However, there are two principal difficulties for theories that
rely on peer effects. First, however much sense the theory of peer
effects makes, there are formidable obstacles to estimating them,
Although some credible estimates of peer effects do exist, people often
rely on evidence that is seriously biased by selection effects. For
instance, if everyone in a group is high achieving, many observers
assume that achievement is an effect of belonging to the group instead
of a reason for belonging to it.
Also, the most popular model used by researchers to estimate peer
effects (the "baseline" model) assumes that peer effects are a
zero-sum phenomenon--that is, in order to give one student a better
peer, that peer must be taken away from another student; the two effects
cancel one another out, According to the baseline model, a
student's reading score would be affected linearly by the average
reading score of his classmates, Regardless of how one allocates peers,
total societal achievement remains the same under the baseline model.
But many arguments assume that total societal achievement can be
increased if peers are redistributed. For instance, the argument against
"tracking" is based on the notion that both low- and
high-achieving students benefit from being exposed to one another in the
classroom.
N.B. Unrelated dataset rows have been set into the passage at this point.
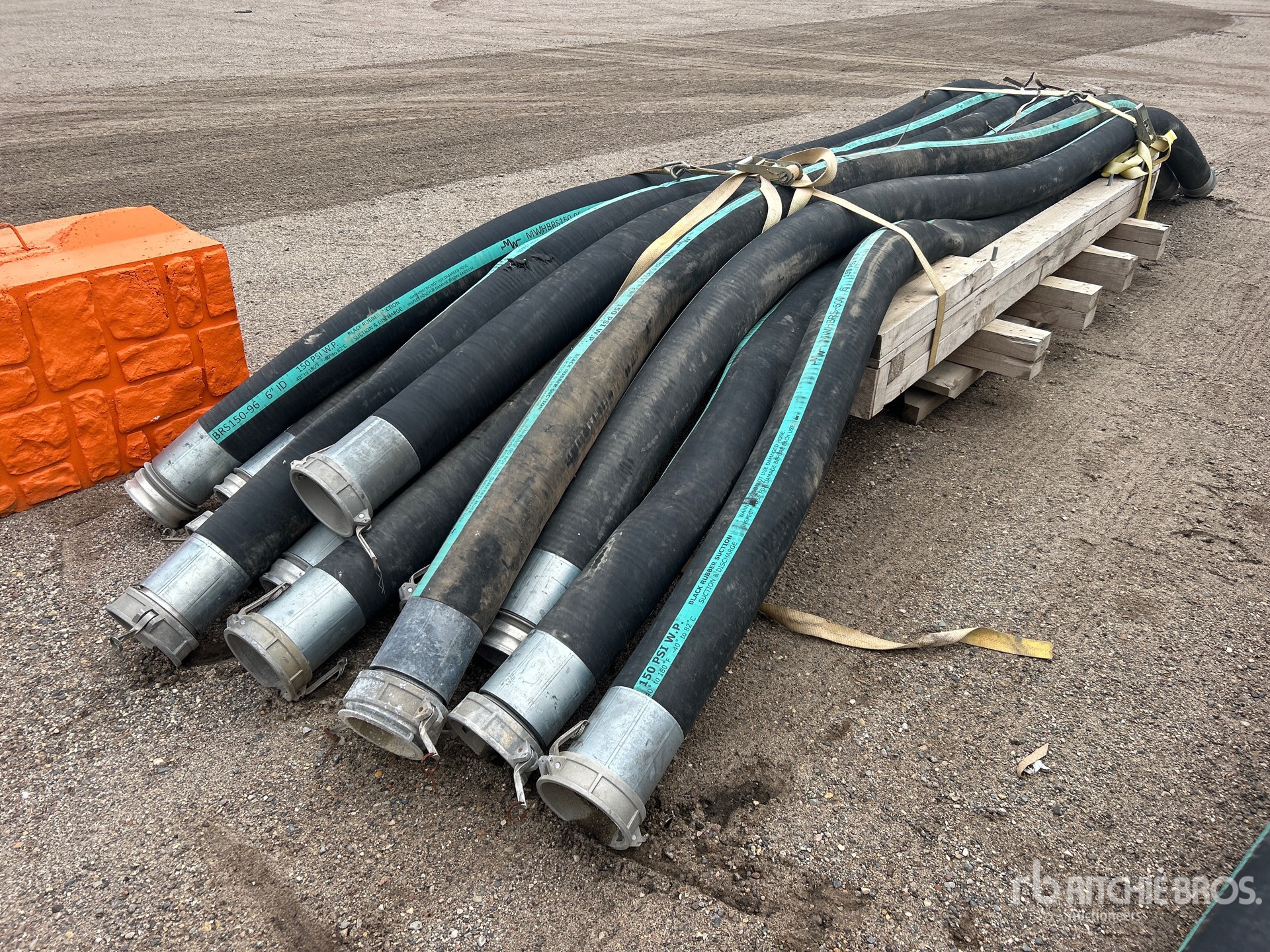 General Appearance with Image, coin avant droit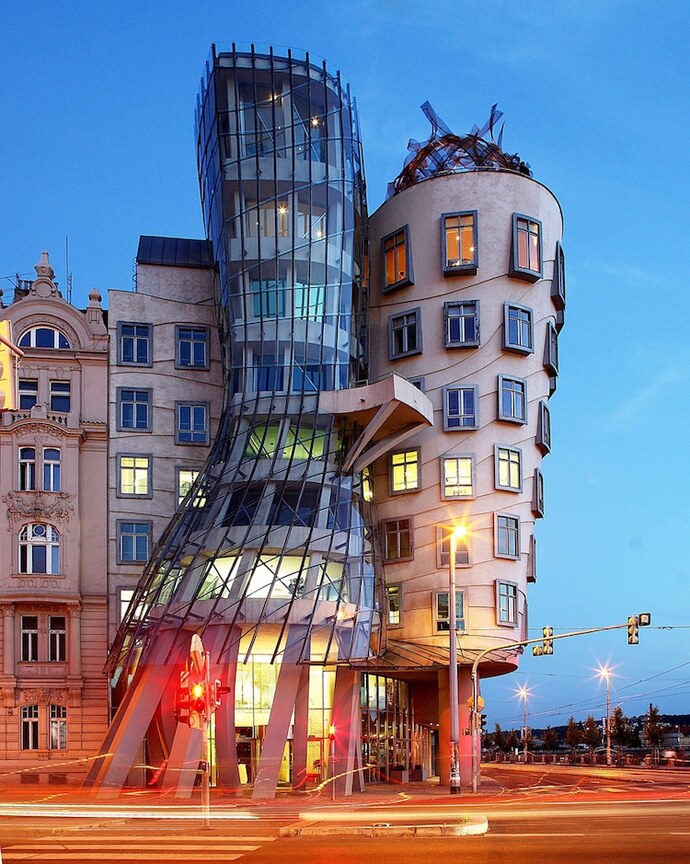 Do you like wonky buildings?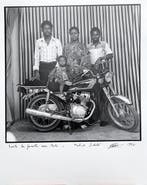 Malick Sidibé (1935–2016) - Toute la famille avec Moto- 1974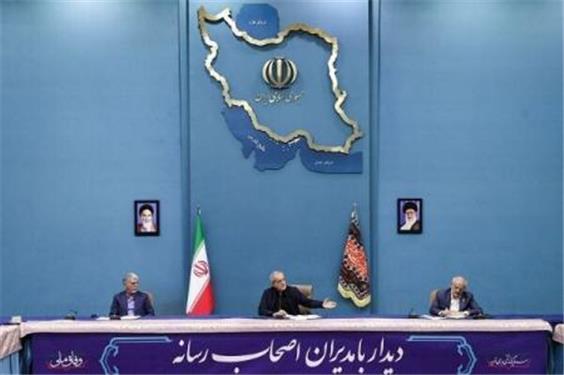پزشکیان: بدون هماهنگی با رهبر انقلاب هیچ کاری نمی‌کنیم | با زور نمی‌توان حجاب سر مردم کرد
By contrast, the idea behind "gifted and talented"
programs is that high-achieving students benefit from being among one
another. Thus, although it is tempting to dismiss the baseline model as
naive or restrictiv e, if one were able to show, empirically, that the
baseline model adequately described peer effects, some interesting
theories would fall by the wayside.
The central problem with estimating peer effects in schools is that
families, in a number of ways, can select their children's peers.
Families self-select into schools based on their incomes, job locations,
residential preferences, and educational preferences. A family may even
self-select into a school based on the ability of an individual child; a
family with a highly able child may choose to live near a school that
has a program for gifted children. Moreover, families may influence the
particular classes to which their children are assigned within their
schools, If, for example, savvy parents believe that a certain 3rd grade
teacher is particularly good, they may get their children assigned to
her class, thereby creating a classroom of children whose parents care
about education to an unusual degree. School administrators and teachers
can also select students into particular classrooms for reasons that are
related to achievement. For instance, a school may assign children with
similar achievement levels to the same classroom, in order to minimize
teaching difficulty. Or a school may place all of the
"problem" students in a certain teacher's class because
she is good at dealing with them. In short, it should be assumed that a
child's being in a certain school, and even a particular classroom,
is associated with unobserved variables--such as highly involved
parents--that affect his achievement.
New Strategies
This study introduces two empirical strategies that circumvent these obstacles by examining differences in cohorts of students--a
school's group of 3rd graders in one year versus the next
year's group of 3rd graders--rather than cross-sections of
classrooms at the same grade level. Both strategies depend on the idea
that the peer composition of a certain grade within a school--its gender
and racial balance, its mix of the studious and the troublesome--will
vary from year to year in a way that is idiosyncratic and beyond the
easy management of parents and schools. Even within a school that has an
entirely stable population of families, timing and simple biological
variation would create birth cohorts that idiosyncratically vary in
their natural talents and racial and gender makeup.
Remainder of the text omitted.